» **Exercise requirements**
Please restate each line of the material word for word and omit any pictures.

» **Dataset excerpt**

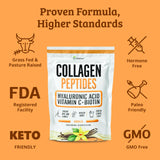 Dr. Matthew Collagen Peptides Powder in a bowl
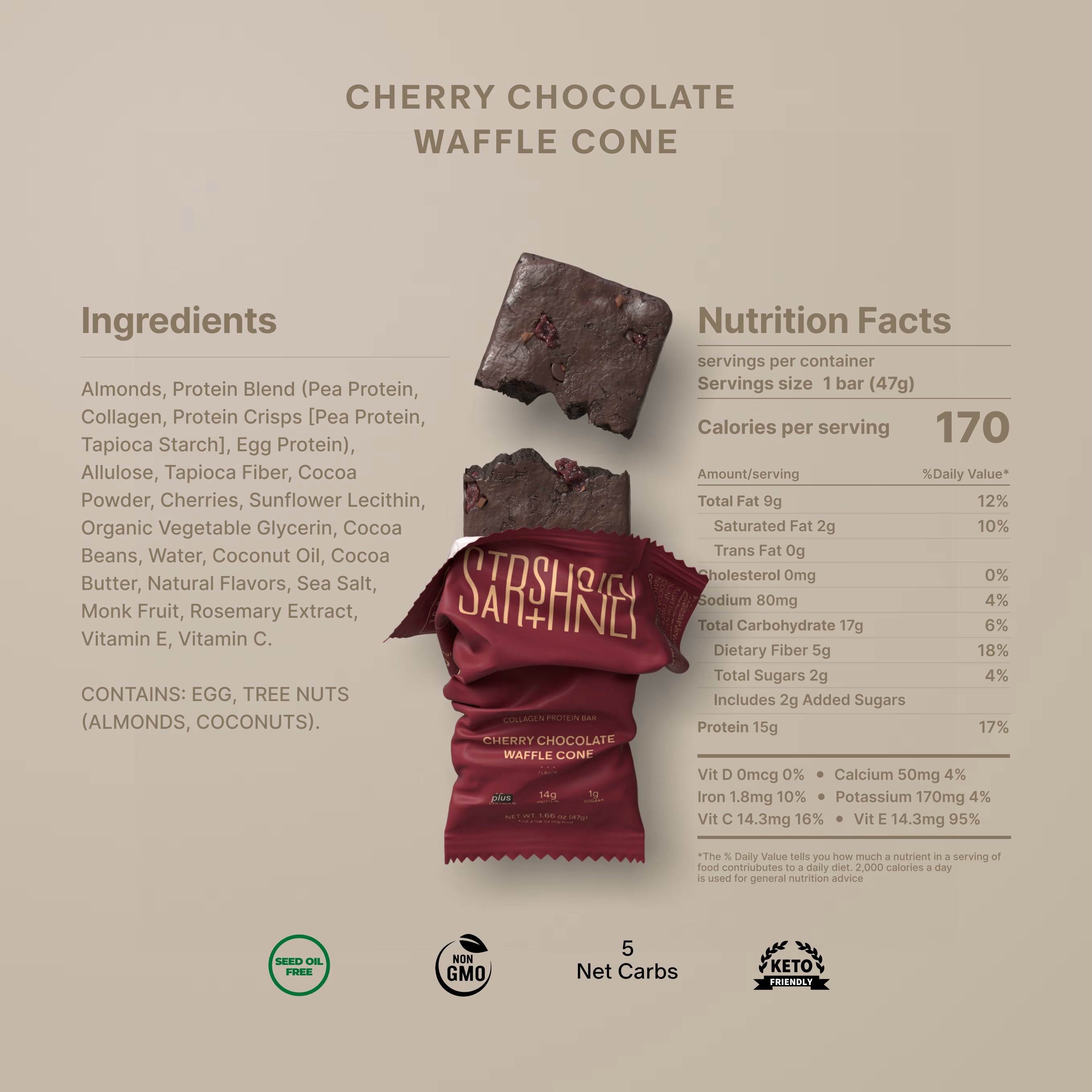Stars + Honey Collagen Protein Bar-N101 Nutrition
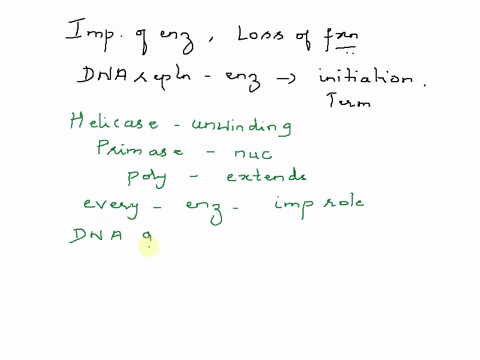 why-is-enzyme-function-critically-important-for-the-proper-replication-of-dna-predict-the-consequence-of-a-loss-of-function-for-each-of-the-following-enzymes-dna-gyrase-dna-polymerase-iii-dn-05318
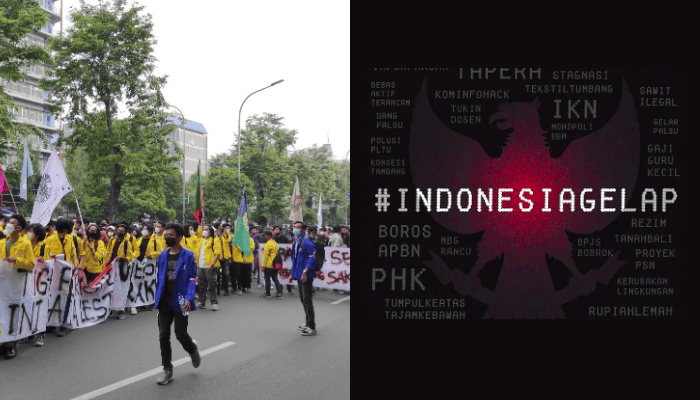 Viral! Tagar Indonesia Gelap Menggema di Media Sosial, Ini 5 Pernyataan Sikap BEM UI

» **Task response**
 Dr. Matthew Collagen Peptides Powder in a bowl
Stars + Honey Collagen Protein Bar-N101 Nutrition
 why-is-enzyme-function-critically-important-for-the-proper-replication-of-dna-predict-the-consequence-of-a-loss-of-function-for-each-of-the-following-enzymes-dna-gyrase-dna-polymerase-iii-dn-05318
 Viral! Tagar Indonesia Gelap Menggema di Media Sosial, Ini 5 Pernyataan Sikap BEM UI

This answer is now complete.